170 So. 694, 177 Miss. 63, 1936 Miss. LEXIS 256
CourtMississippi Supreme Court
DecidedNovember 23, 1936
DocketNo. 32414.
StatusPublished
Cited by1 cases

This text of 170 So. 694 (Thompson v. Person) is published on Counsel Stack Legal Research, covering Mississippi Supreme Court primary law. Counsel Stack provides free access to over 12 million legal documents including statutes, case law, regulations, and constitutions.

Bluebook
Thompson v. Person, 170 So. 694, 177 Miss. 63, 1936 Miss. LEXIS 256 (Mich. 1936).

Opinion

*67 Griffith, J.,

delivered the opinion of the court.

On the date next to be mentioned, and for some time theretofore, appellee was the actual owner of ten shares of the capital stock of the People’s Bank of Water Valley. On March 4, 1932, he sold the stock to his sister, and executed and delivered to her a formal written instrument of sale and transfer, without recourse. There is some obscurity in the record whether the stock certificate was delivered on the day of the transfer, and also upon the point whether the bank was then or thereafter definitely informed of the transfer and requested to enter same upon the stock book. It is certain, however, that no such transfer was ever entered on the books of the hank, and that so far as the stock hook was concerned appellee remained the apparent owner of the stock.

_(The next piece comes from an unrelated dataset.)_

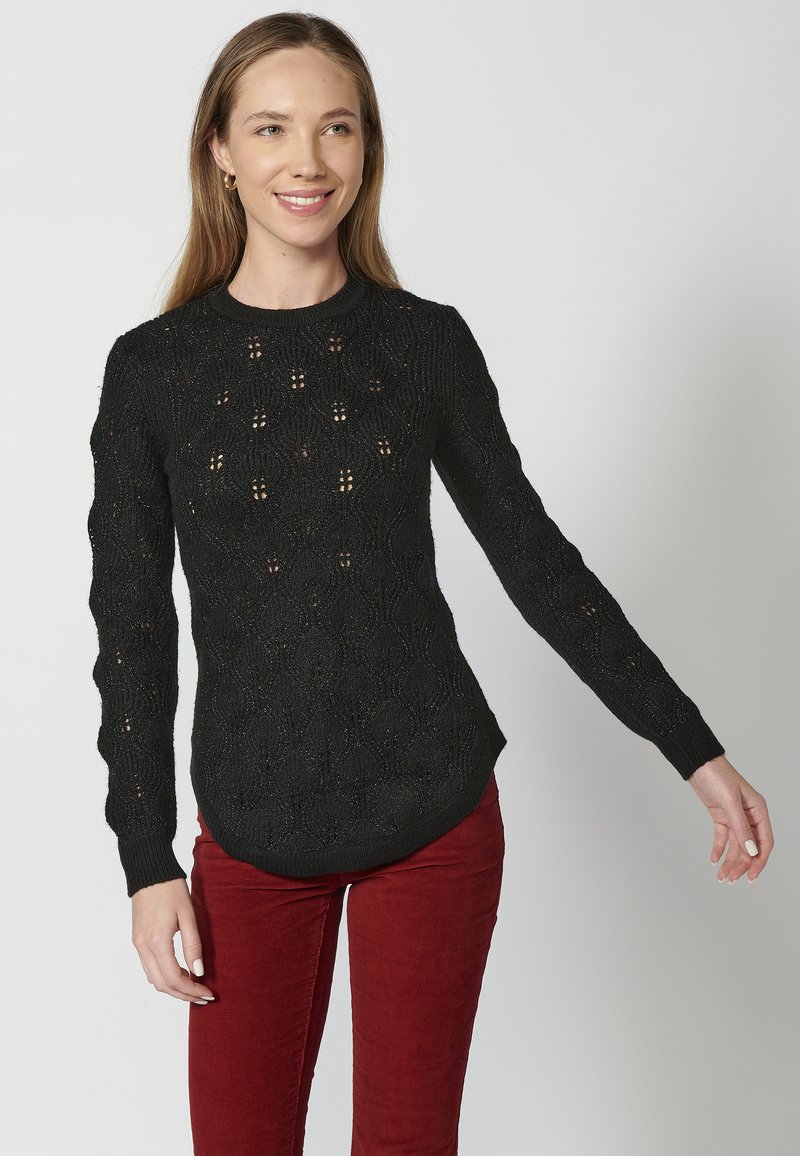 Czarny sweter wykonany z dzianiny z teksturowanym wzorem, długimi rękawami i zaokrąglonym dołem. Noszony z czerwonymi spodniami sztruksowymi.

Thereafter on June 15, 1932, an examination was made of the hank by the state banking department, and the bank was found and declared to be solvent. On January 1, 1933, the hank failed and went into liquidation. On June 12, 1933, suit was instituted against appellee for the statutory double liability. Section 3815, Code 1930. Under section 3803, Code 1930, the stock book is made prima facie evidence of the ownership of the shares, and appellant argues that the prima facie force of that statute can be overcome only by a formal tender of the stock certificate, duly indorsed, and a formal, definite request upon the proper officer of the bank to enter the transfer on the books.

Many cases from other jurisdictions are cited by appellant to support his stated position. These, however, are of little or no aid to us because of the settled inter *68 pretation which has been placed upon our double liability hank stockholders’ statute. In Mellott v. Love, 152 Miss. 860, 866, 119 So. 913, 64 A. L. R. 968, it was held by this court that the statute imposing additional liability on hank stockholders must be strictly construed, and that so construed the liability existed only as to actual or real owners, not as to apparent or ostensible owners. The opinion in that case was delivered January 21, 1929. The double liability statute, in substantially the same words, was brought forward and re-enacted in the Code of 1930, so that the interpretation aforesaid became thereby a part of the code section as fully as if expressly written therein.

It follows therefore that inasmuch as appellee was not the actual or real owner on June 15, 1932, when the last bank examination was made, nor on January 1, 1933, when the bank failed, and on both of said dates was only the apparent or ostensible owner, he is not subject to the double liability statute.

Affirmed.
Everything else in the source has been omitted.